Introduction

This blog contains regular postings relating to the Traditional Latin Liturgy of the Roman Catholic Church. It includes regular commentary on the saints days and the liturgical cycle, with brief background and extracts from the liturgy both in Latin and English. Much of the material has been extracted from the 'St Andrew's Daily Missal', Dom Gueranger's 'Liturgical Year', or similar sources.

Related website: http://www.liturgialatina.org/





Thursday, 5 January 2017

Vigils of Feasts

Vigils of Feasts

Keeping vigils before major feasts is an ancient institution in the church, which was highly recommended by the early Fathers, for example St. Augustine and St. Jerome. The faithful would assemble in the church in the preceding evening and prepare themselves by prayers and readings; this later became the offices of first vespers and matins. Mass was celebrated in the evening before first vespers. Towards morning, people returned to their homes to await the solemnities of the morning.

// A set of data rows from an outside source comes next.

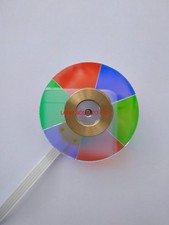 1pc NEW ORIGINAL COLOR WHEEL FOR OPTOMA HD33 projector Free delivery picture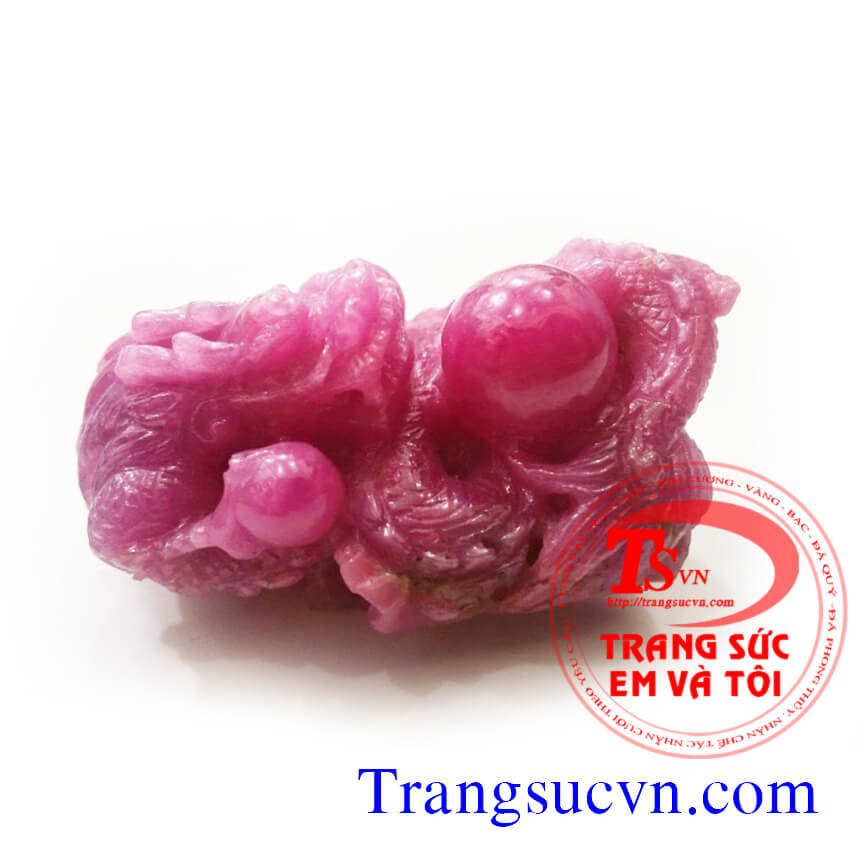 Rồng Ruby Yên Bái-Việt nam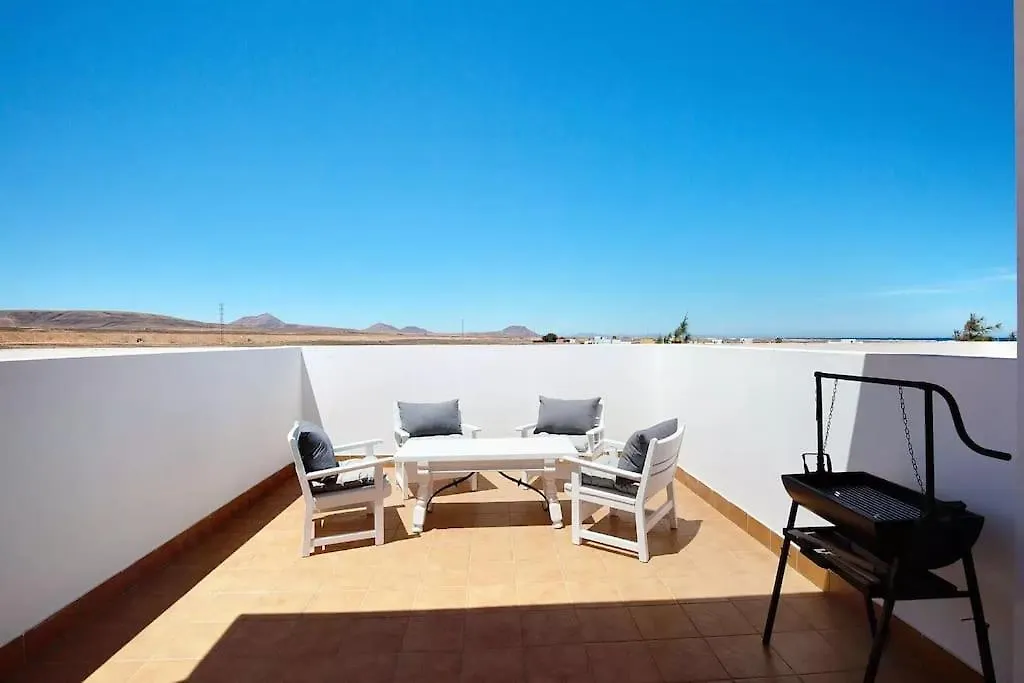 Apartment Puerto Lajas, Descanso En La Playa Puerto de las Lajas Spain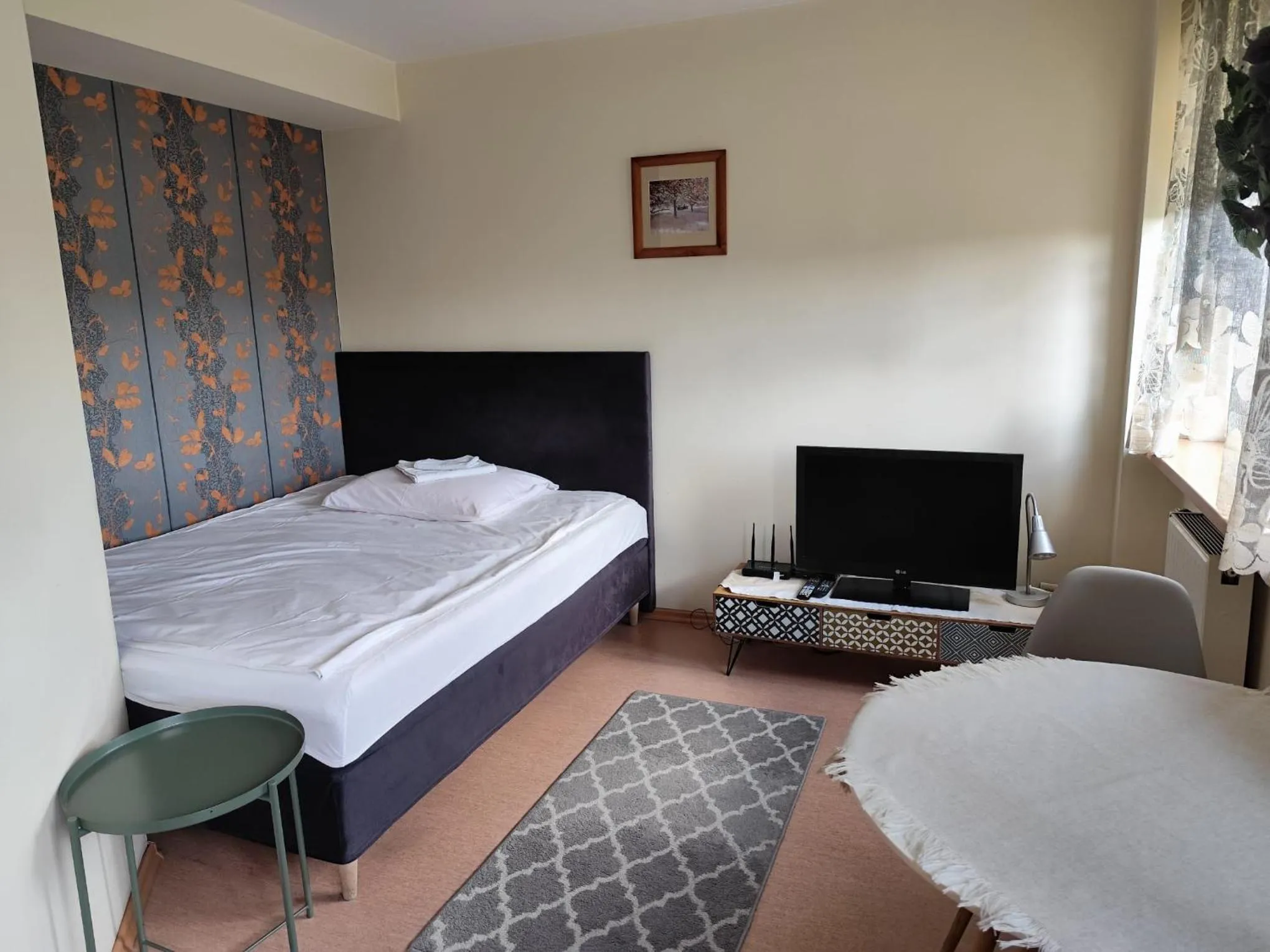 Bed in Gosciniec Tombor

These vigils sometimes gave occasion to abuses, with the people dancing and drinking in the streets around the church. St. Jerome speaks of these abuses. So in the course of time, the number of vigils was greatly reduced, and eventually the overnight vigils were suppressed. Instead, a fast day before the feast was introduced. The custom of fasting on the day before a major feast in fact goes back much further, being referred to by writers of the early fifth century.

In the Latin church, only the older feasts have vigils, and those feasts introduced in recent centuries do not. Even major feasts like Corpus Christi and the Sacred Heart do not have vigils, though the Immaculate Conception was singled out by Pope Leo XIII as an exception.

The Tridentine Breviary has 18 vigils, applicable to the whole Latin church, for the feasts of:
Easter (Holy Saturday)
Christmas
Epiphany
Ascension
Pentecost
The Immaculate Conception
The Assumption
Eight feasts of the Apostles - St Matthias, SS Peter and Paul, St James, St Bartholemew, St Matthew, SS Simon and Jude, St Andrew, St Thomas
St John the Baptist
St Lawrence
All Saints.

Religious orders and dioceses sometimes have their own proper vigils, as would be expected. For example, the Carmelites keep the vigil of the Feast of Our Lady of Mount Carmel.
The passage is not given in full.